10 ans d’insolvabilité bancaire, épisode 2.
Cela fait maintenant plus de dix ans que la crise des subprimes a éclaté et si la plupart d’entre nous ont le sentiment que ce séisme financier est désormais une chose du passé, il n’en est rien. A vrai dire, il faut dire qu’à l’exception des quelques articles peu mis en valeur dans la presse économique ou dans les grands quotidiens, rien n’est véritablement révélé sur l’insolvabilité chronique du système bancaire international, qui était tout proche d’une grande catastrophe fin septembre. Et il faudra bien que ce sur ce sujet primordial, les populations sortent un jour de l’état de profonde cécité dans lesquelles elles se trouvent.
Mais que s’est-il exactement passé à partir du 17 septembre 2019 ? Le marché inter bancaire s’est subitement retrouvé en panique avec l’augmentation brutale des taux d’intérêt sur le marché du « repo » où les banques vont chercher leur financement à très court terme. Habituellement, les taux sont de l’ordre de 2%, mais ils se sont brutalement tendus pour atteindre 10%. Dans ces conditions, la Fed est intervenue en arrosant le marché de liquidités ; le 17 septembre dans la matinée, elle injectait 53 milliards de dollars. Le 20 septembre, le montant des injections atteignait 270 milliards !

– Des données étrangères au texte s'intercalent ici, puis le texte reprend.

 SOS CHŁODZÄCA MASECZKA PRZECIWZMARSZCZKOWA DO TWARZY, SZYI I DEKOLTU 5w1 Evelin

Les analystes se veulent rassurants : les entreprises américaines ayant payé leurs impôts, les liquidités auraient manqué et comme le gouvernement fédéral a procédé à une adjudication, cela n’a rien arrangé. Mais c’est tout de même un peu court comme explication, d’autant que le 23 octobre, la Fed a de nouveau sorti le bazooka monétaire. Le Financial Times a ainsi expliqué que la Fed injecterait jusqu’à $120 milliards par jour pour les besoins de financement des banques. Ces informations étant corroborées par la Fed elle-même qui publie le détail de toutes ces opérations (disponible ici).

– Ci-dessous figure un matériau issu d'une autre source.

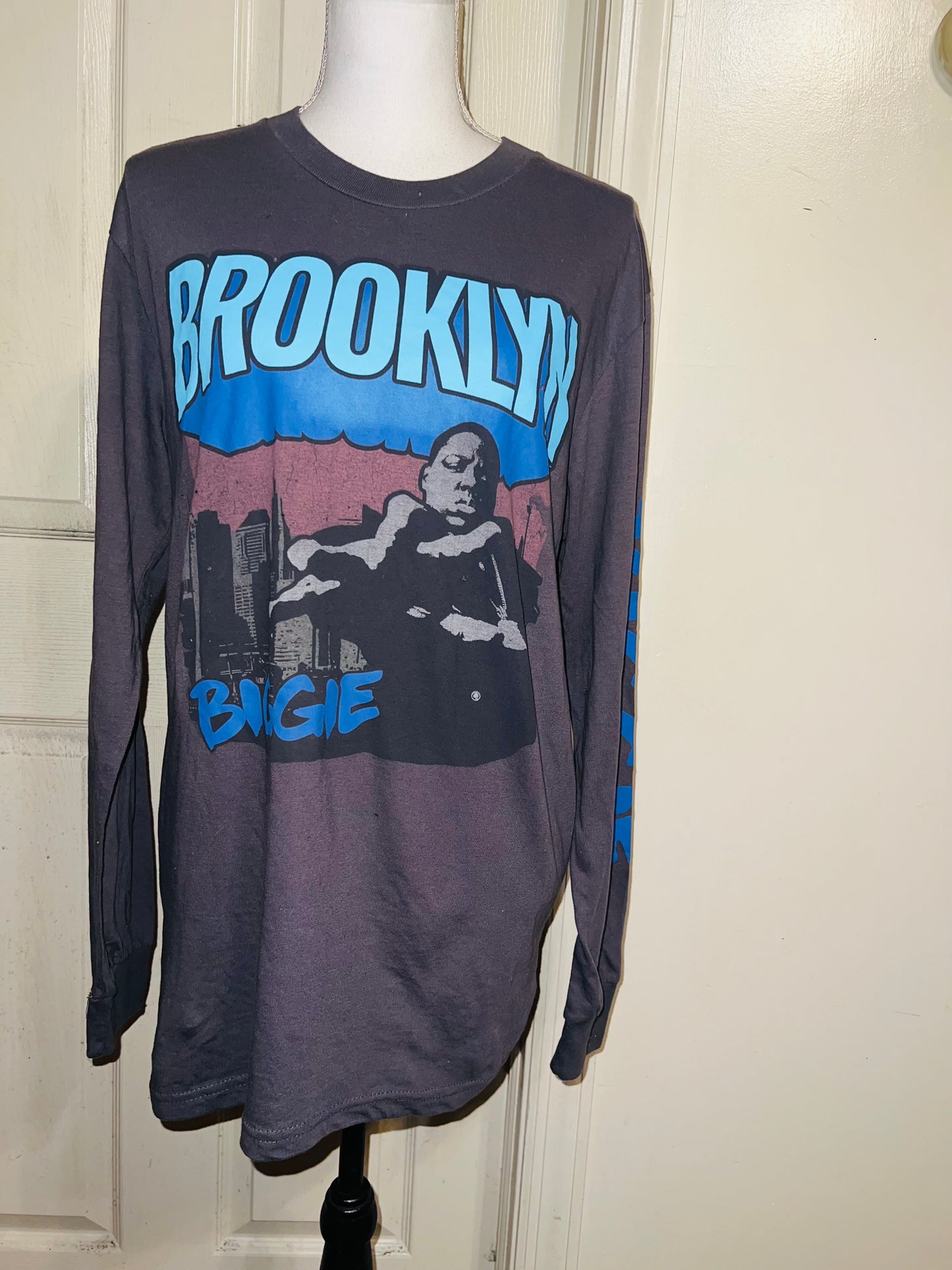 Biggie Smalls Oversized Distressed Long Sleeve Tee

Tout ceci fait suite à la déclaration de la Fed qui avait annoncé, deux semaines plus tôt, qu’elle allait reprendre ses opérations de quantitative easing à hauteur de 60 milliards par mois jusqu’au deuxième trimestre de 2020.
Si de telles sommes sont à nouveau mobilisées (de telles opérations n’avaient plus cours depuis la crise des subprimes), c’est qu’il y a bien un énorme problème bancaire à l’heure actuelle. Le capitalisme est devenu complètement assisté et sans les aides massives des banques centrales qui durent depuis dix ans, le système financier aurait complètement implosé. En décembre 2018, la BCE avait annoncé la fin du quantitative easing, tout en annonçant des opérations de refinancements dites TLTRO (prêts accordés aux banques à des taux très bas, de l’ordre de 0.1%). Les banques n’étant visiblement pas suffisamment solides pour être sevrées de la sorte, la Fed a dû de nouveau prendre le relais avec des montants vertigineux.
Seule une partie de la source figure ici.